The garage myth tells us that Silicon Valley was built by scrappy engineers tinkering in their workshops. That is partly true. But behind nearly every one of those garages was someone like Arthur Rock, a quiet, analytical investor who looked at a group of talented people and said: “I believe in you. Here is the money. Go build something.”
That act of faith, repeated thousands of times over the decades, is what turned a stretch of California farmland into the innovation capital of the world. And it started with one securities analyst on Wall Street who flew to California, knocked on thirty-five doors, and refused to stop until someone said yes.
Sources
- Berlin, Leslie. The Man Behind the Microchip: Robert Noyce and the Invention of Silicon Valley. Oxford University Press, 2005.

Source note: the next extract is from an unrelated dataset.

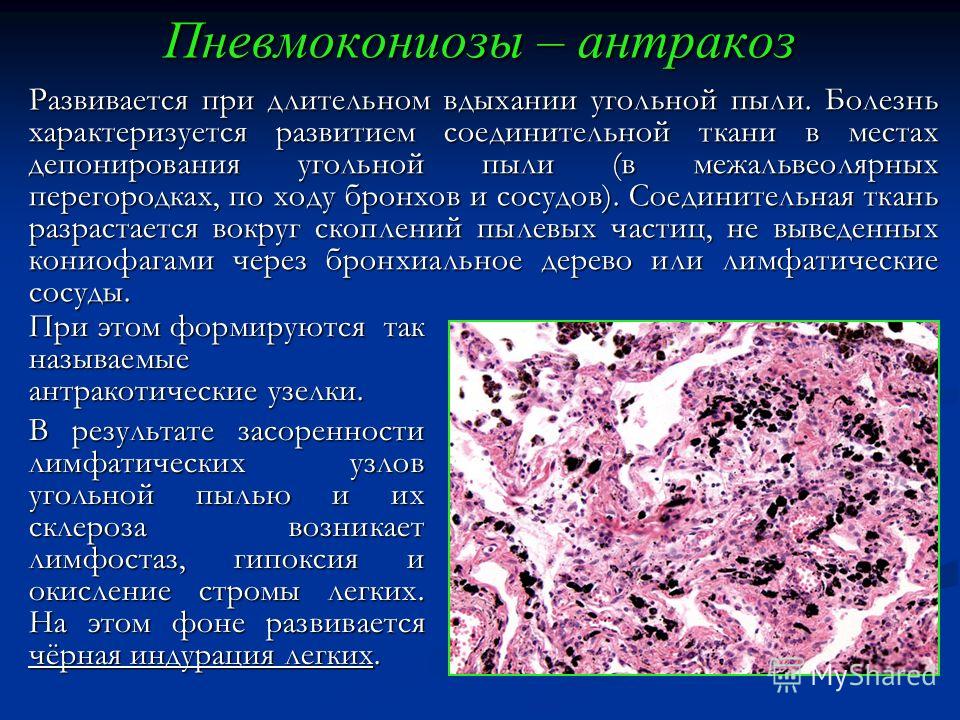 Боль в пояснице больно вставать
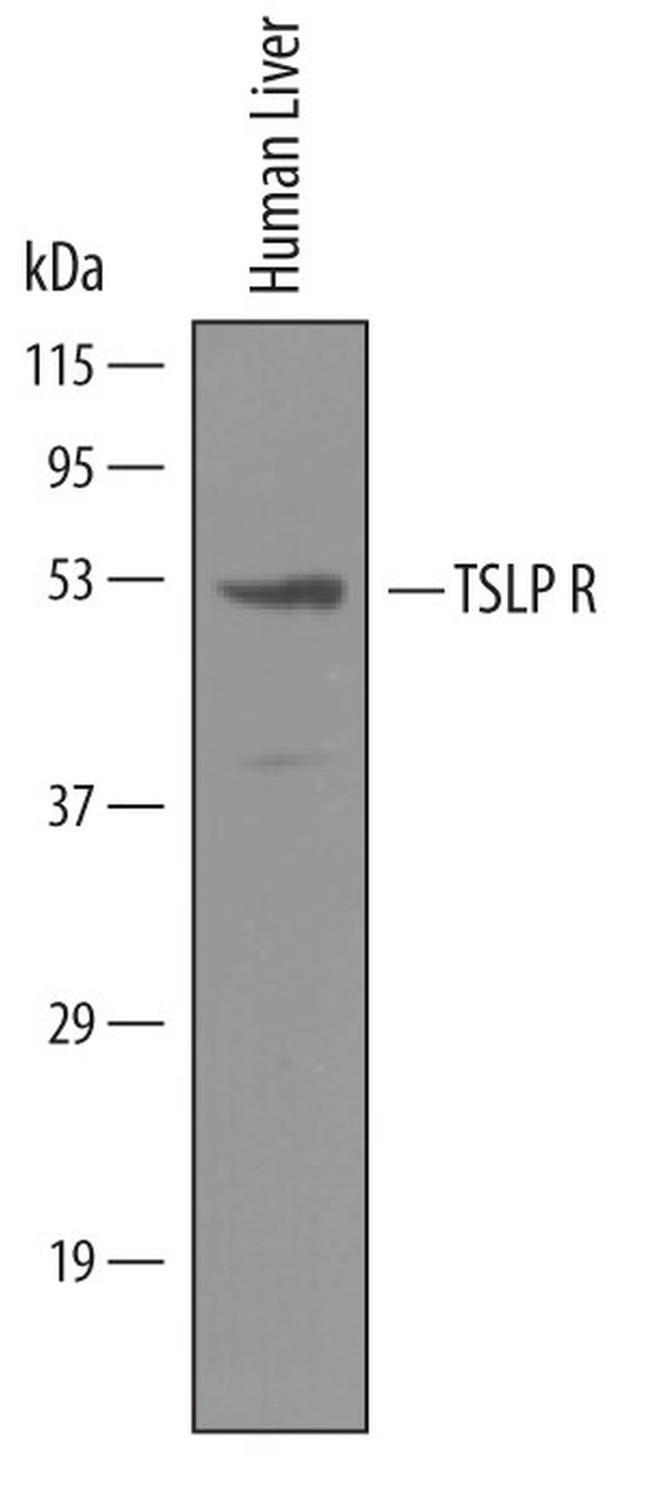 TSLP Receptor Polyclonal Antibody (PA5-47979)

- Malone, Michael S. The Intel Trinity: How Robert Noyce, Gordon Moore, and Andy Grove Built the World’s Most Important Company. Harper Business, 2014.
- Wilson, John W. The New Venturers: Inside the High-Stakes World of Venture Capital. Addison-Wesley, 1985.
- Lécuyer, Christophe. Making Silicon Valley: Innovation and the Growth of High Tech, 1930-1970. MIT Press, 2006.
- “Arthur Rock.” Computer History Museum, computerhistory.org.
- Kenney, Martin. Understanding Silicon Valley: The Anatomy of an Entrepreneurial Region. Stanford University Press, 2000.